Thanks for the patch, but...

  • please follow the coding style (some comments inline)
  • please add tests
lib/asan/asan_descriptions.cc
227

the idiom used in this code is

if (T *x = getX()) {
  use(x)
}
353

We don't use 'unsigned' in this code for this purpose.

361

Please make sure to format all the code.

kcc added inline comments.Oct 16 2017, 1:41 PM
lib/asan/asan_report.cc
329

No goto please.

Thanks, I'll add some tests. May I please ask you how to run a single test-case (I guess using llvm-lit) ?

Besides the patch, we'd like to coordinate on options enabling this in the compilers.
From what I can see, in clang it is currently an experimental asan-detect-invalid-pointer-pair param,
what Martin has implemented is handle it as another kind of sanitization (separate kinds for pointer compare and pointer subtract),
-fsanitize=pointer-subtract or -fsanitize=pointer-compare. One can then do:
-fsanitize=address,pointer-subtract,pointer-compare etc., if address is not specified but one of these is, then
right now we error out.
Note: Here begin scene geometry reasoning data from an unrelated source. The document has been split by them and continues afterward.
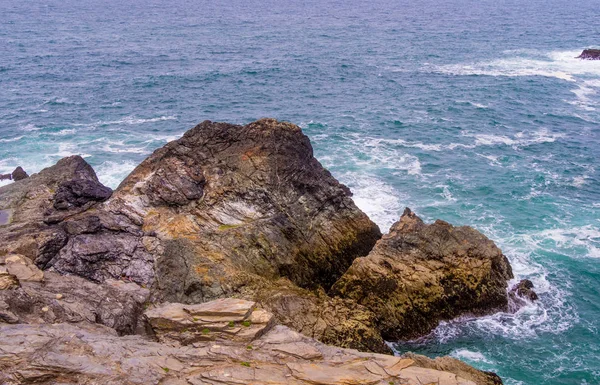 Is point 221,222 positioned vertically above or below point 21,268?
below

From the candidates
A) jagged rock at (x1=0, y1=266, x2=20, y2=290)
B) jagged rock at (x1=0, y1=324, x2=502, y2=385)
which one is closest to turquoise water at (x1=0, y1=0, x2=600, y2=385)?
jagged rock at (x1=0, y1=324, x2=502, y2=385)

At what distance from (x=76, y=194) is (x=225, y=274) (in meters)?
13.8

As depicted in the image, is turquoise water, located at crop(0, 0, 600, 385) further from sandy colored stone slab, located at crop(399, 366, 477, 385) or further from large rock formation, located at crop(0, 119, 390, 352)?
sandy colored stone slab, located at crop(399, 366, 477, 385)

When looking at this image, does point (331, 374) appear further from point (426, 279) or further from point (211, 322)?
point (426, 279)

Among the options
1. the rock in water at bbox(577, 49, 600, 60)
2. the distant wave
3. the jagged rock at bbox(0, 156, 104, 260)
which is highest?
the rock in water at bbox(577, 49, 600, 60)

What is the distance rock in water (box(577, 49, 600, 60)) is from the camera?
11081 centimetres

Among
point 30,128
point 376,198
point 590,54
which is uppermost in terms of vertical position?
point 590,54

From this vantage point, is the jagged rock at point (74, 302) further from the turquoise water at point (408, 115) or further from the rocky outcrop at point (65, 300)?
the turquoise water at point (408, 115)

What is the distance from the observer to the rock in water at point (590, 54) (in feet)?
364

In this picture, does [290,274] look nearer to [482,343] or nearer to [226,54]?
[482,343]

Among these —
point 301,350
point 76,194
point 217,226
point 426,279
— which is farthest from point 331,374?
point 76,194

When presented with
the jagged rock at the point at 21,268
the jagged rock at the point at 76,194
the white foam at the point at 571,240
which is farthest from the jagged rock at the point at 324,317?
the white foam at the point at 571,240

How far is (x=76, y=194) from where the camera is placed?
4072 cm

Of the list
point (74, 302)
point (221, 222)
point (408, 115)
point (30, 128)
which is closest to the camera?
point (74, 302)
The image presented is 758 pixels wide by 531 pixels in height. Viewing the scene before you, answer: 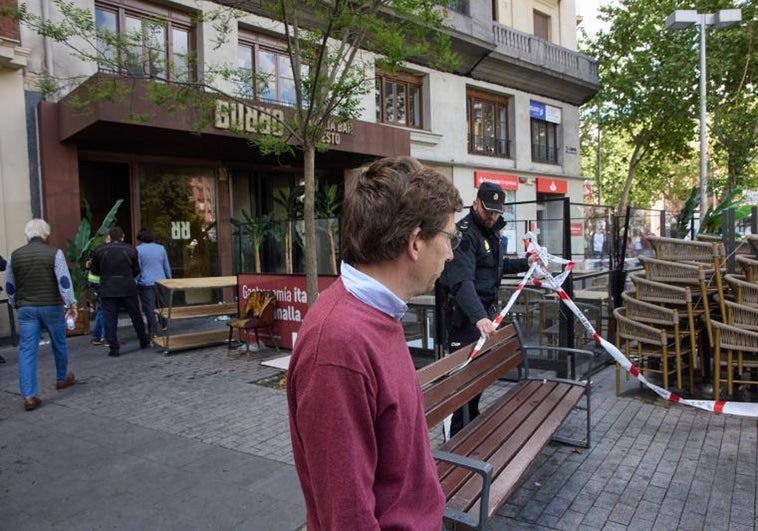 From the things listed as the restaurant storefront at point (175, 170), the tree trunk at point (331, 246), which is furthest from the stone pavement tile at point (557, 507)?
the restaurant storefront at point (175, 170)

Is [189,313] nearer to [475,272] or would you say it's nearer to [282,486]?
[282,486]

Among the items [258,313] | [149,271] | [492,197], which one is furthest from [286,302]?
[492,197]

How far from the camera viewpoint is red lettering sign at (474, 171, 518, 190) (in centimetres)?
1836

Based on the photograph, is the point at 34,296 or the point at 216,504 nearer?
the point at 216,504

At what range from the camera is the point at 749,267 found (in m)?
5.13

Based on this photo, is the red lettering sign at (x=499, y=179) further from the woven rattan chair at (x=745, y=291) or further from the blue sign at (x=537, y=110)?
the woven rattan chair at (x=745, y=291)

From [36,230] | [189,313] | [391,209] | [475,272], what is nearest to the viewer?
[391,209]

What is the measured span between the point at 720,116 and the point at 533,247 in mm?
17372

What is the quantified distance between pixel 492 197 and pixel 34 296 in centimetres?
490

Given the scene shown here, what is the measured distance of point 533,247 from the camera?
5445mm

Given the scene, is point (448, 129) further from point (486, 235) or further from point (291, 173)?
point (486, 235)

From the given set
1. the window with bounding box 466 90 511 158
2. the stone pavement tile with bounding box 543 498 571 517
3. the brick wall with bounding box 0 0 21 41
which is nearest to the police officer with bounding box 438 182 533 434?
the stone pavement tile with bounding box 543 498 571 517

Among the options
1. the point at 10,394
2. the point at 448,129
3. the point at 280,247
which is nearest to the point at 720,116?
the point at 448,129

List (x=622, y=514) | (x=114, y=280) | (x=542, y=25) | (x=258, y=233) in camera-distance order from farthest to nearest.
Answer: (x=542, y=25) → (x=258, y=233) → (x=114, y=280) → (x=622, y=514) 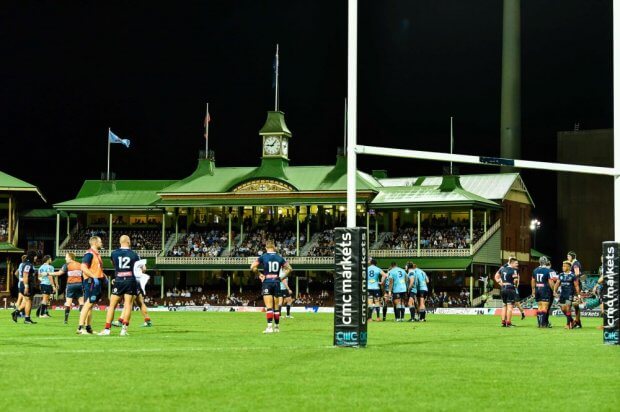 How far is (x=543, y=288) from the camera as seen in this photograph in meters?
30.1

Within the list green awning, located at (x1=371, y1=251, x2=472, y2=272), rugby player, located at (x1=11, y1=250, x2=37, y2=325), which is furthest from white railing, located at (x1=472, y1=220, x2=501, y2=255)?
rugby player, located at (x1=11, y1=250, x2=37, y2=325)

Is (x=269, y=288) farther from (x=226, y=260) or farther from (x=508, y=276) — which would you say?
(x=226, y=260)

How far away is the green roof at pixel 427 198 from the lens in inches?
2653

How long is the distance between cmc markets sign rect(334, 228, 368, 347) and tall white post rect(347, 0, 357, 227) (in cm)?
34

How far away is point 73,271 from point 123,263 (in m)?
9.35

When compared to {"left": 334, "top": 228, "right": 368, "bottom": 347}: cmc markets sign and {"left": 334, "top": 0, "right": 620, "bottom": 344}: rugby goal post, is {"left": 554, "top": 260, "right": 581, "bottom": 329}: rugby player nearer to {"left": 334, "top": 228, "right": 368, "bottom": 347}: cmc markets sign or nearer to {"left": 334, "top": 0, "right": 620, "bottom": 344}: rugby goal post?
{"left": 334, "top": 0, "right": 620, "bottom": 344}: rugby goal post

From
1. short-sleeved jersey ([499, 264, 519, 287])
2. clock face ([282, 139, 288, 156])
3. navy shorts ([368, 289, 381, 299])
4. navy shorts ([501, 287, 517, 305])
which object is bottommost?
navy shorts ([368, 289, 381, 299])

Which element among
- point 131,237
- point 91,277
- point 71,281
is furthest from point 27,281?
point 131,237

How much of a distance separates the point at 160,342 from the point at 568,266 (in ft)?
47.8

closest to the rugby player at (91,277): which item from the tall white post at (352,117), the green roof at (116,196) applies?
the tall white post at (352,117)

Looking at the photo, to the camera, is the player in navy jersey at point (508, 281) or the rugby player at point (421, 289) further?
the rugby player at point (421, 289)

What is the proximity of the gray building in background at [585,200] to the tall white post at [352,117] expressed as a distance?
207 feet

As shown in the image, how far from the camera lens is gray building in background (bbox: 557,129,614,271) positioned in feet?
261

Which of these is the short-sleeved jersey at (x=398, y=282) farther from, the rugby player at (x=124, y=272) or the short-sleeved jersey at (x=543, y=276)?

I could imagine pointer-subtract or pointer-compare to be supported even without address
sanitization, where we'd link against libasan and add poisoning/unpoisoning/global variable registration etc., but not
memory dereference checks, the problem is that the compiler then doesn't know if it should do the registration etc.
in kernel-address or user address style.

marxin updated this revision to Diff 119294.Oct 17 2017, 5:00 AM

I've updated patch where I fixed:

  • various coding style issues (as reported by make check-asan)
  • goto has been removed, not that due to ThreadRegistryLock, there are some extra scopes that guarantee that we don't reach a dead lock
  • new tests have been aded

Shouldn't detect_invalid_pointer_pairs=1 be the default? I mean, the user already makes the decision to enable it through a compiler option/parameter and the generated code adds non-zero amount of .text space and some runtime cost, and there is no extra runtime costs for this if code isn't instrumented, so detect_invalid_pointer_pairs=0 by default only causes false assumption that code is error clean.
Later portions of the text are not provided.